Saturday, July 19, 2008

The Electric Car to the Rescue?

Tesla Motors has begun production of a 100% plug-in electric car. The Tesla Roadster is not what most people think of when they hear the term “electric car”. The Roadster goes from 0 to 60 in under 4 seconds. Its peak torque begins at 0 rpm and stays strong at 13,000 rpm, which is very different from gasoline engines that have little torque at a low rpm. It has a top speed of 125 mph. It can travel about 220 miles per battery charge. Charging the battery takes about 3.5 hours. Useful battery life is estimated to be about 100,000 miles.

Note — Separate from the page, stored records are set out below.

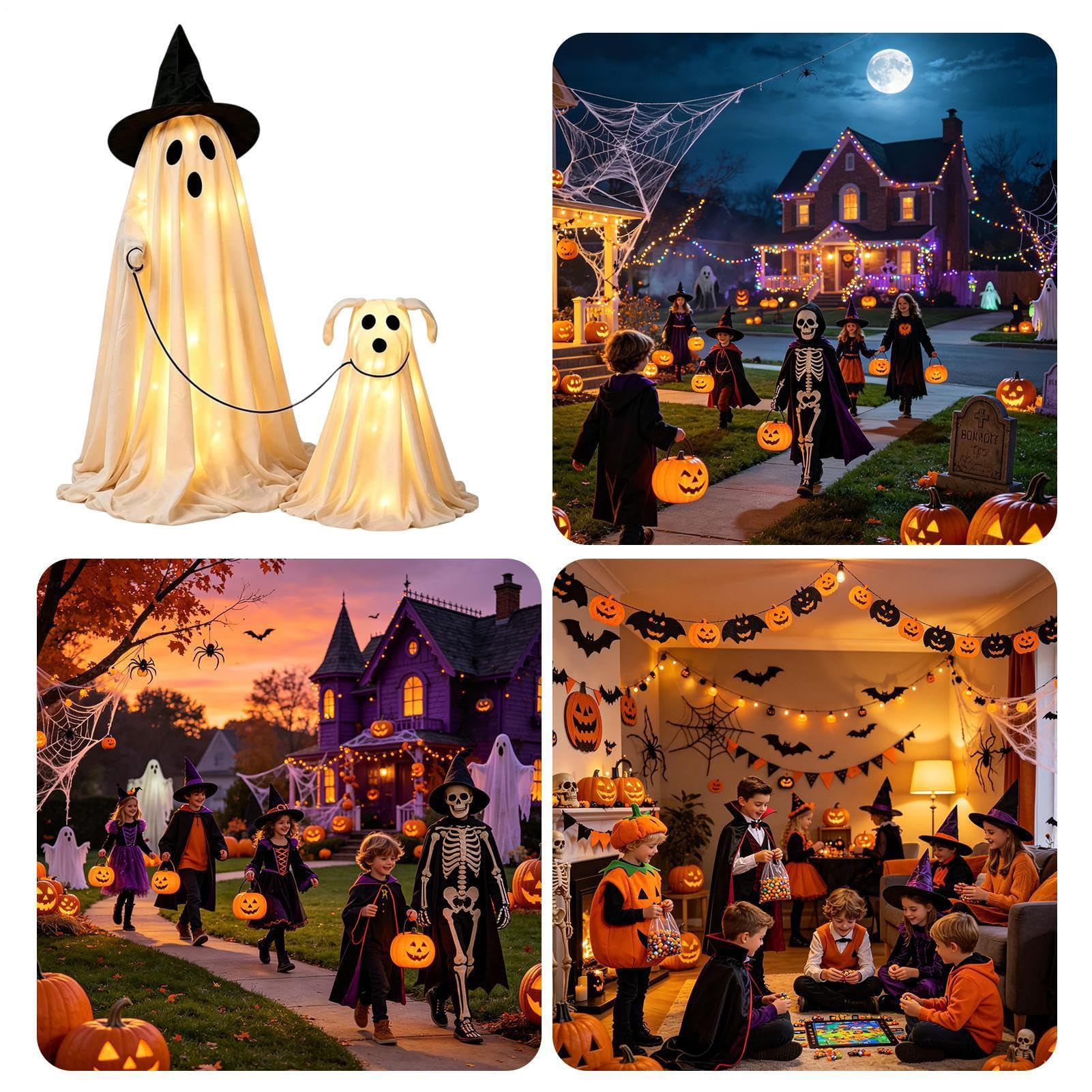 Decorazioni Halloween Esterno Spettrali Ornamenti Da Prato Con LED A Caldo | Set Di Decorazioni Halloween Fantasmi E Streghe Per Giardino Ingresso Soggiorno Festa Vacanze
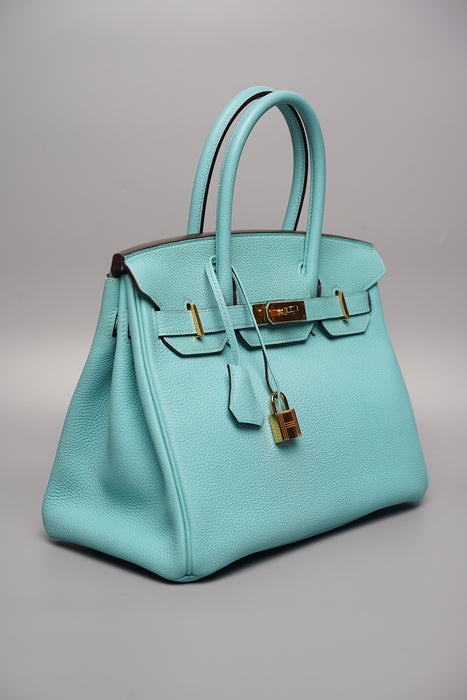 Hermes Birkin 30 in Bleu Atoll Togo Ghw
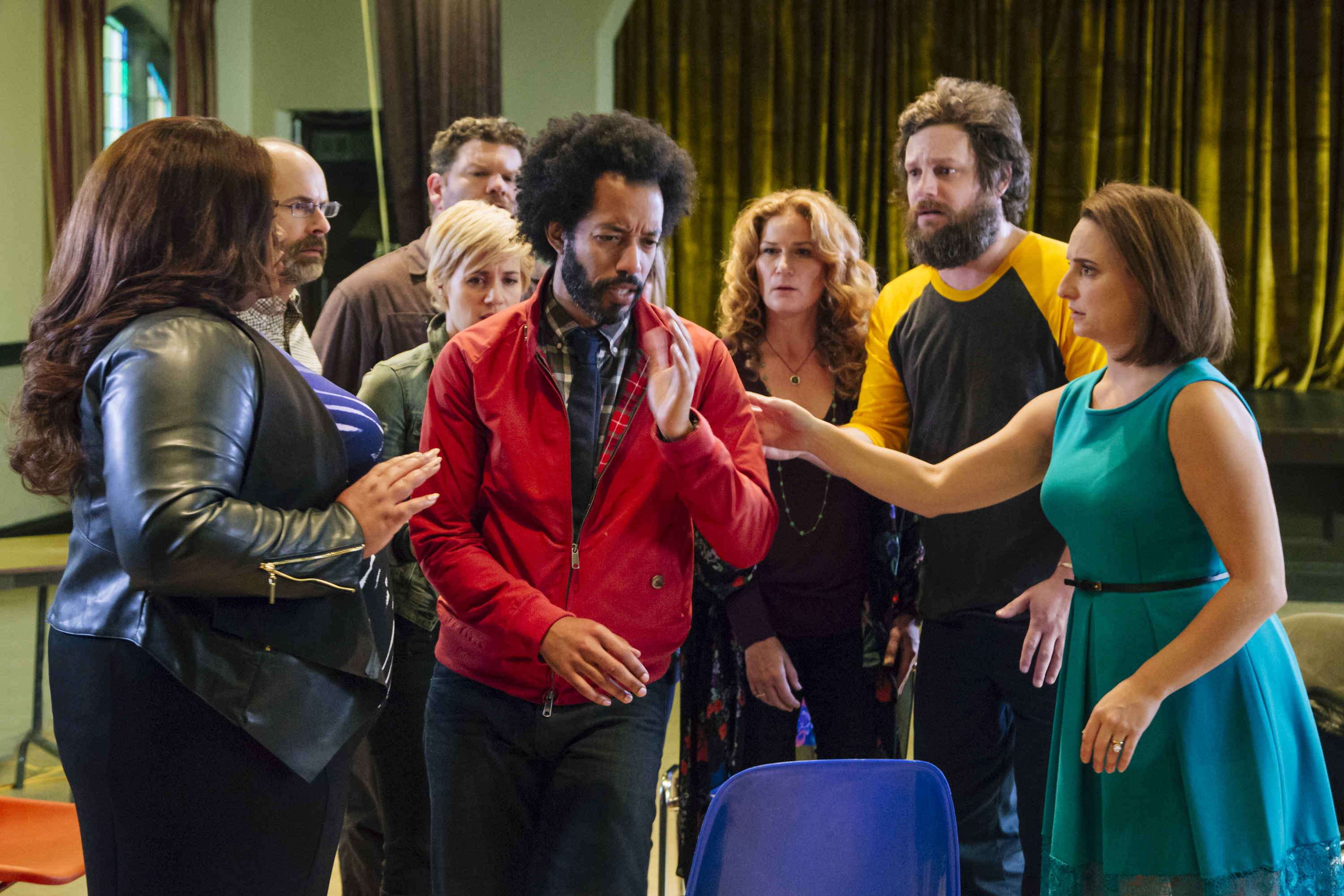 Ana Gasteyer, Daniel Stewart Sherman, Brian Huskey, Wyatt Cenac, Tracee Chimo Pallero, Alice Wetterlund, Luka Jones, and Da'Vine Joy Randolph in People of Earth (2016)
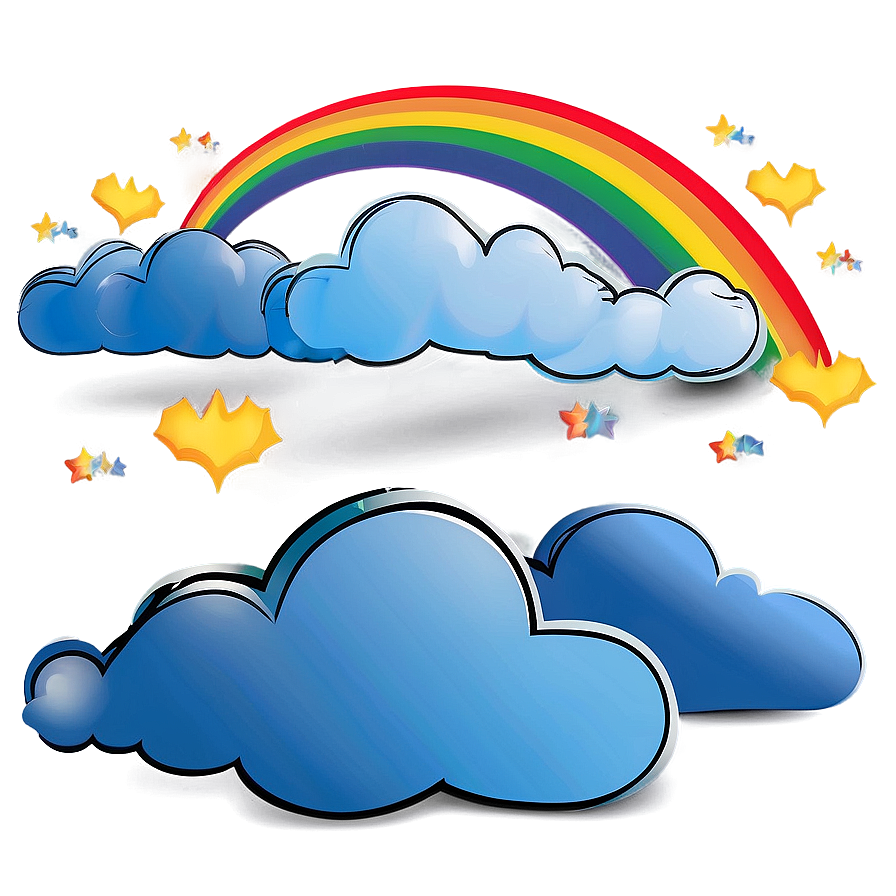 Rainbow With Clouds Vector Art Png 06282024 PNG image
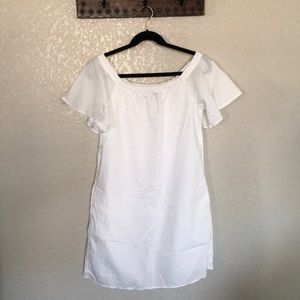 Banana Republic Off the Shoulder White Shift Dress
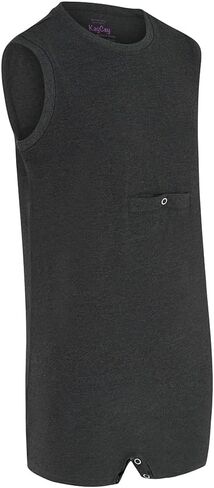 SpecialKids.Company Adults Adaptive Sleeveless Bodysuit, Tube Access | Special needs bodysuit for adults, tube access for feeding tubes, snap crotch closure, anti strip design, reinforced crotch in Kuwait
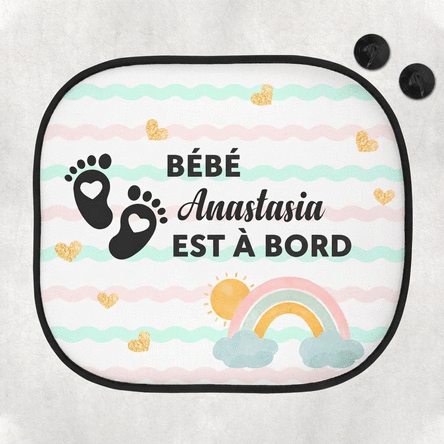 Pare-soleil de voiture personnalisé avec message - « Baby on board »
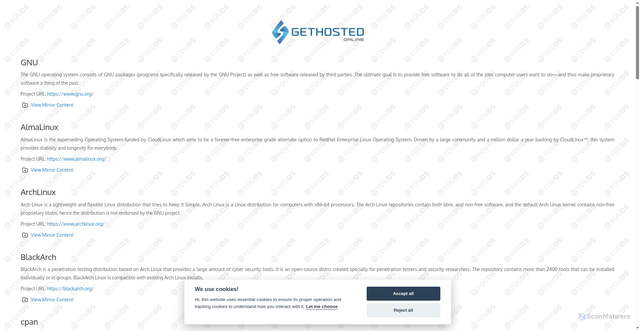 Security scan screenshot of https://mirrors.gethosted.online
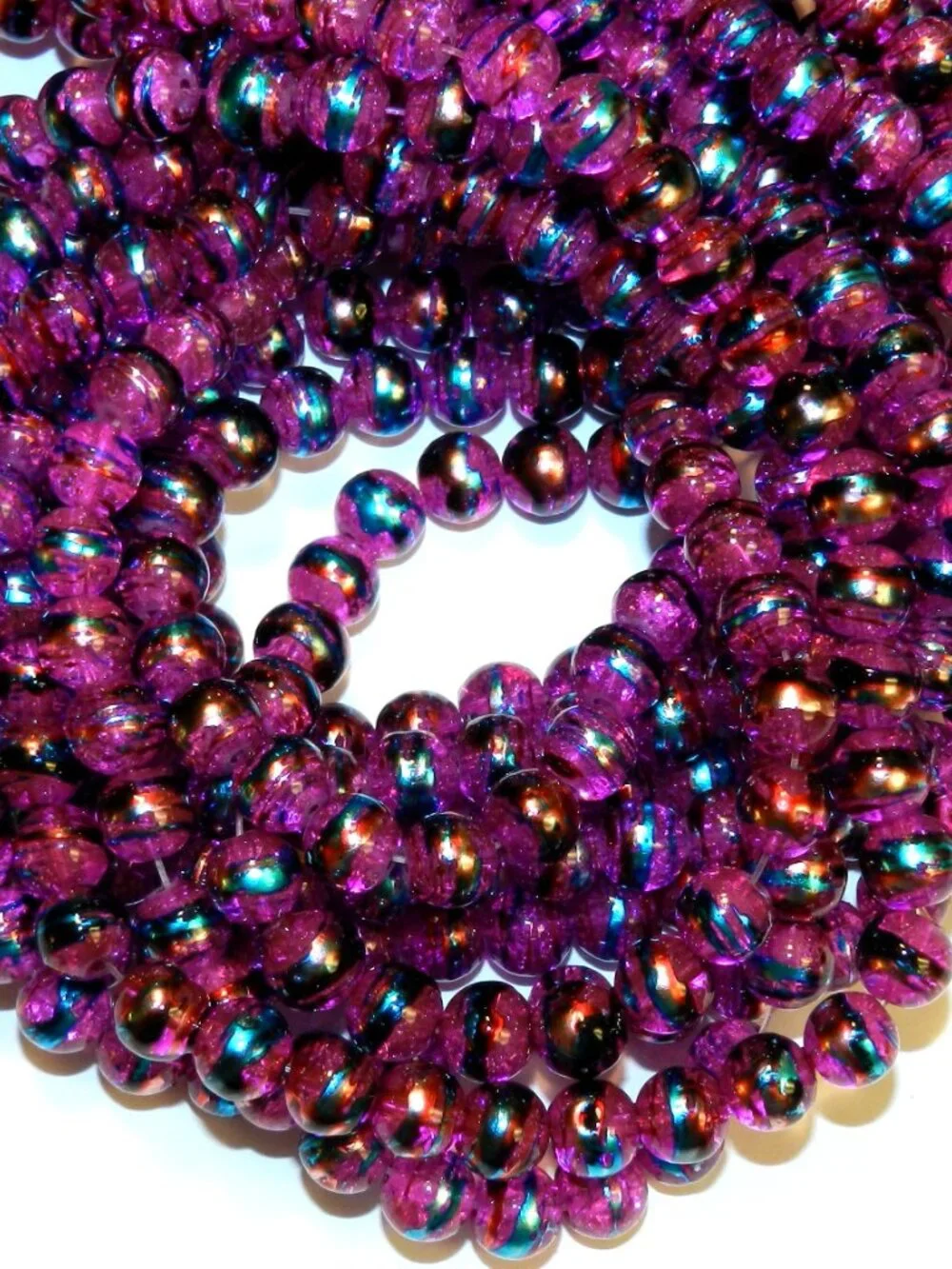 Fuchsia Pink 8mm Round Metallic Drawbench Swirl Crackle Glass Beads 32" G1731 - Picture 3 of 5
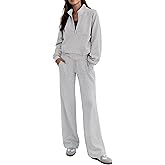 SHESHOW Women 2 Piece Outfits Set Half Zip Sweatshirts Wide Leg Sweatpant Matching Set Tracksuit with Pockets XS-XXL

The Tesla Roadster costs about $100,000, which puts it out of reach for all but a select few. However, the company is expected to introduce a 4 door, 5 passenger sports sedan in 2010 with a price tag around $60,000, making it competitive with high-end Mercedes and BMWs. Tesla believes that over time the technology will improve to the point where a car like the sedan could be sold for as little as $30,000.

Tesla Motors isn’t the only company introducing plug-in electric cars. Mitsubishi said that is will launch its MiEV plug-in electric in Japan next year. The compact car has a top speed of about 80 mph and can travel about 100 miles on a single charge. The price is expected to be about $30,000.

General Motors is gearing up to introduce a plug-in hybrid – the Chevy Volt, which can travel up to 40 miles on a single charge. The Volt will also come with a small gasoline engine that engages to charge the battery when it runs down. Since 80% percent of American commuters drive less than 40 miles each day, a Volt driver might need only to fill up his tank with gasoline a few times a year.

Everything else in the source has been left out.